Tuesday, March 6, 2012

Close Whale Encounter

Humpback calf approaching the stern of Mr Mac (the Pitons [St. Lucia] in the background)
So very, very cool. Motor-sailing up from Bequia to St. Lucia, about a mile off of the west coast of St. Lucia, we looked over and saw a couple of whales a few hundred yards away. White fins gave them away as humpbacks, a mother and calf. Cool, but it gets even cooler. We put the engine in idle to watch as they slowly swam along. The mother sounded, and the calf apparently decided that this it was its chance to check out the nearby visitor. That, of course, was us. The calf came right toward us, went around the stern, then back again, only about thirty feet away. It was fantastic! Chris got a little nervous about what the mother might think when she surfaced to find her calf so close to us, so we started up the engine and set off again. Highlight of the day!
Only about 30 feet away. Fantastic!

Thursday, March 1, 2012

Windward versus Leeward

Island have both windward and leeward sides; the windward side is the one facing the wind, and the leeward is the more protected side. Most anchorages are on the leeward side, for obvious reasons. It’s the height of the cruising season now, which means that there are scads of charter boats (as well as non-charter) crowding the anchorages. So we’ve gone windward on our last couple of islands: Mayreau and Canouan. Both these islands have nice reefs off of their windward shores, which blocks most of the swells and waves.

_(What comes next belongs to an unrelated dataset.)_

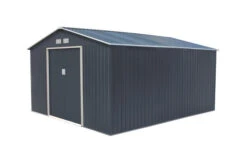 OUTTECH Gerätehaus, Anthrazit, Stahl, 340 X 382 X 210 Cm, Schiebetüren, Inkl. Lüftungsgitter -Dopple Geschaft 24394 4.jpg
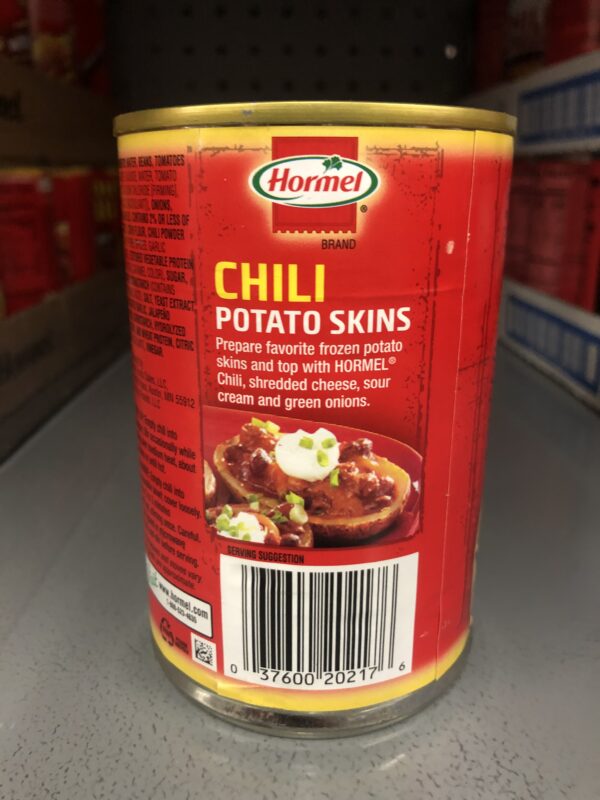 4 CANS Hormel Chili Vegetarian with Beans 15 oz Can Sauce 99% fat free ...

Since the wind is blowing right at you and the island is at your back (a lee shore), you’ve got to be sure of your anchor holding, but we always double check it to make sure we’re firmly stuck. And boy, is the extra effort worth it! Here are some pictures of the anchorages, with huge swaths of sand flats, great reefs, and tremendous underwater visibility.  And the best part; no one else is here! It was quiet, it was peaceful, it was dark at night, everything our last leeward anchorage wasn’t.
Crowded anchorage (leeward)
Our Canouan anchorage! (windward)
Our Mayreau anchorage - the other boat was gone before nightfall (windward)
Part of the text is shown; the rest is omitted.